*Work request*: Word for word, repeat the lines of the records from the one containing "平和屋着物＊夏物　訪問着　縦" through the last line, both included.

Web page caption snippets
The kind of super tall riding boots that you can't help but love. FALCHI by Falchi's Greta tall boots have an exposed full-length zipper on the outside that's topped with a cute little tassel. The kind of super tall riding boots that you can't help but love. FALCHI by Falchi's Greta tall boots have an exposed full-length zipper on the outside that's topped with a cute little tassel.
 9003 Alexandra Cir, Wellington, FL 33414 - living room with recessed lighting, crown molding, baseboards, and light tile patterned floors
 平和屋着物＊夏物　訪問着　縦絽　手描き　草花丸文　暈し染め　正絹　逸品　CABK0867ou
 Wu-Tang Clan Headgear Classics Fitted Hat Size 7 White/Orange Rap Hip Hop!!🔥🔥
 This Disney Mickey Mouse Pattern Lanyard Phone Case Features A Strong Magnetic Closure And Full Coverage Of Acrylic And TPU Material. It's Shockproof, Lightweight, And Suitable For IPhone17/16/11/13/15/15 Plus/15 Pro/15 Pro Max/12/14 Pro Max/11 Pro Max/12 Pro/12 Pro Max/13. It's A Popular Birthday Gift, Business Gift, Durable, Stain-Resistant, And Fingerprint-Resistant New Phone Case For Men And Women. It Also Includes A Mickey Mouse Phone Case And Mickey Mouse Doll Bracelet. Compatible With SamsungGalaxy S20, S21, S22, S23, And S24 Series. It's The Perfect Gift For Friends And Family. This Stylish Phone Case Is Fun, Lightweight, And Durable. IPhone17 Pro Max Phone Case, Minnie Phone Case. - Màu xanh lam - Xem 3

*Response area*:
 平和屋着物＊夏物　訪問着　縦絽　手描き　草花丸文　暈し染め　正絹　逸品　CABK0867ou
 Wu-Tang Clan Headgear Classics Fitted Hat Size 7 White/Orange Rap Hip Hop!!🔥🔥
 This Disney Mickey Mouse Pattern Lanyard Phone Case Features A Strong Magnetic Closure And Full Coverage Of Acrylic And TPU Material. It's Shockproof, Lightweight, And Suitable For IPhone17/16/11/13/15/15 Plus/15 Pro/15 Pro Max/12/14 Pro Max/11 Pro Max/12 Pro/12 Pro Max/13. It's A Popular Birthday Gift, Business Gift, Durable, Stain-Resistant, And Fingerprint-Resistant New Phone Case For Men And Women. It Also Includes A Mickey Mouse Phone Case And Mickey Mouse Doll Bracelet. Compatible With SamsungGalaxy S20, S21, S22, S23, And S24 Series. It's The Perfect Gift For Friends And Family. This Stylish Phone Case Is Fun, Lightweight, And Durable. IPhone17 Pro Max Phone Case, Minnie Phone Case. - Màu xanh lam - Xem 3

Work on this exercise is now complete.